As LVMH’s Arnault understands, controlling distribution means controlling price which gives control of the brand, its most valuable asset. “You need to remember that luxury as a concept is about creating a superior value that is then marketed. Luxury brands are the ultimate value creators,” says, Dr. Martina Olbertova, founder of Meaning.Global and strategist on brand meaning.
“The commercialization of luxury to pander to the masses goes in direct opposition with retaining its aura of exclusivity,” she continues. “That’s why luxury is suffering now: because it has forgotten its roots and focused too much on generating short-term profits over long-term value creation.”
Olbertova sees luxury as a cultural value that is more at home in Europe, than the over-commercialized American society. “It’s not necessarily what the Europeans know about ‘the luxury market,’ but what the Europeans know about the ‘essence of luxury’ because Americans aren’t essentialists. American cultural values are very down-to-earth, pragmatic, see-what works and do that. American businesses are very utilitarian in that aspect; it’s a self-enterprising culture of doing because the constant focus on action and experimentation is good for business and innovation.”
And the down-to-earth, pragmatic, do-what-works managers of American luxury brands know that outlet stores work; they sell lots of stuff. But in their quest for more transactions, American luxury brands have sacrificed their brand identity and value.

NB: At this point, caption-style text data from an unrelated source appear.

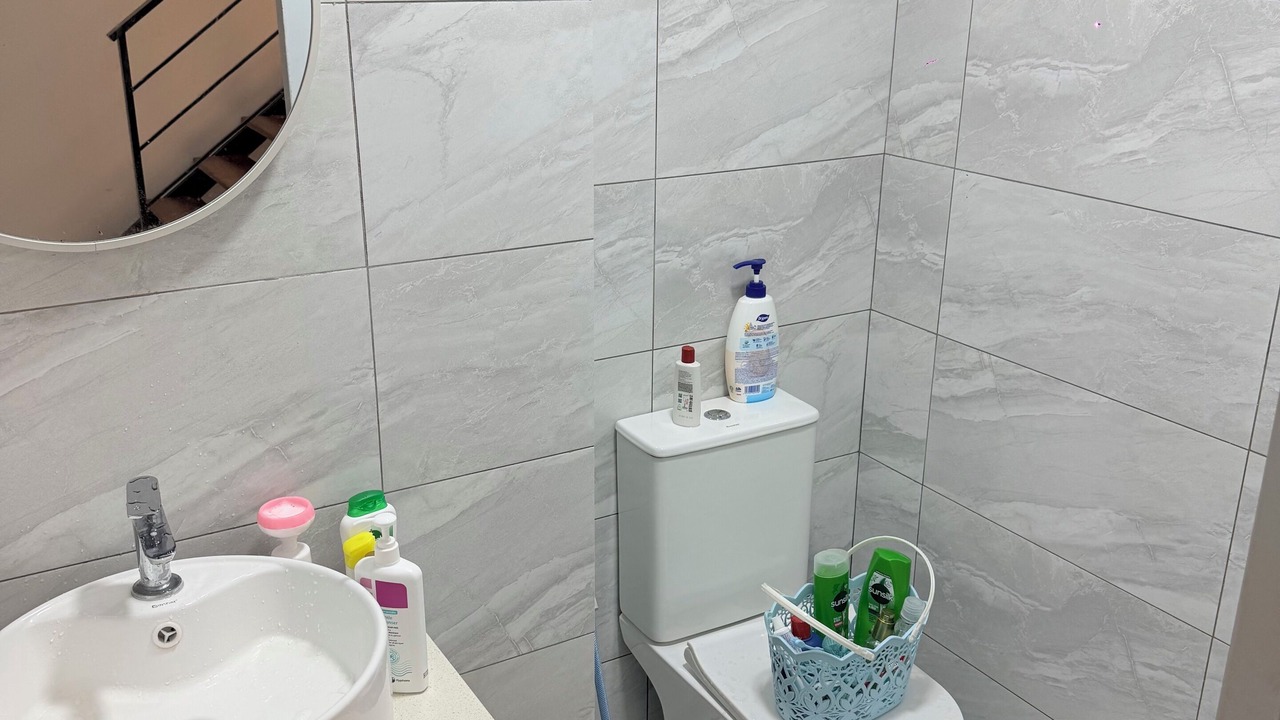Photo of Bathroom in Taman Midah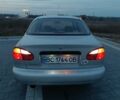 Серый Дэу Сенс, объемом двигателя 1.4 л и пробегом 98 тыс. км за 2500 $, фото 4 на Automoto.ua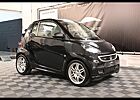 Smart ForTwo Cabrio BRABUS / ELECTRIC DRIVE / FULL !!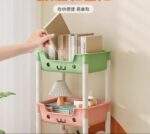 ORGANIZADOR DE JUGUETES 5 NIVELES  - Imagen 2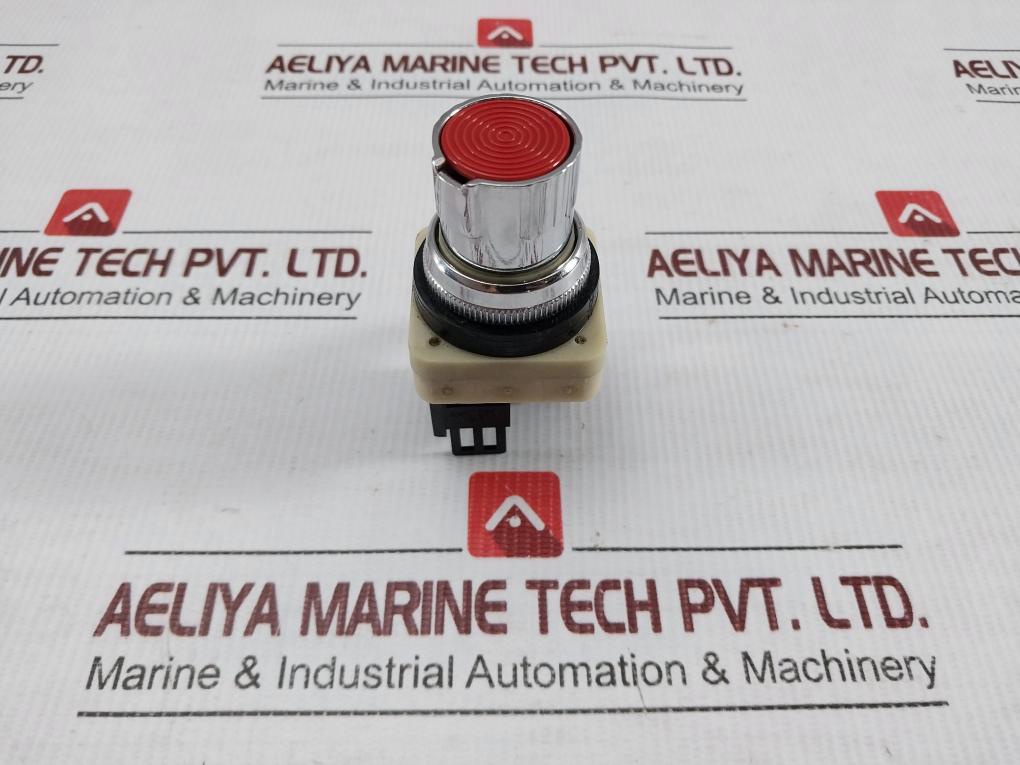 Fuji-Electric-600V-Command-Switch-Ah30-208792-1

“What is good for business is often bad for luxury because it cheapens its inherent value and makes it feel less scarce overall,” she continues. “And as we know, scarcity is tied to value. It is a driver of luxury value.”
American brands are trading the immediate gratification of outlet sales for the long-term legacy of the brand. “Luxury is about the transcendence of time and space. While Americans are all about the form, Europeans are all about the essence,” Olbertova believes. “True luxury retains value in time. It goes far beyond the present moment.”
Olbertova concludes, “If your mindset is long-term and you care about your brand’s legacy over making short-term sales and profits, you won’t be in outlet stores; it’s as simple as that. Outlet isn’t luxury.”
As much as Coach, Ralph Lauren, Michael Kors and the rest aspire to call themselves “luxury brands,” they will never attain that status as long as they operate in the way they operate today, with outlets that cheapen the brand and undermine everything that luxury ultimately stands for.
Perhaps the only true luxury brand coming out of America today is Tiffany, which never descended into outlet stores. That isn’t to say it hasn’t had its share of problems, which is surely has, but being widely regarded as a luxury brand isn’t one of them. And after the LVMH deal goes through, Tiffany will finally have a European-inspired approach to managing the brand which truly understands how to capitalize on its luxury legacy and secure its lasting value into the future.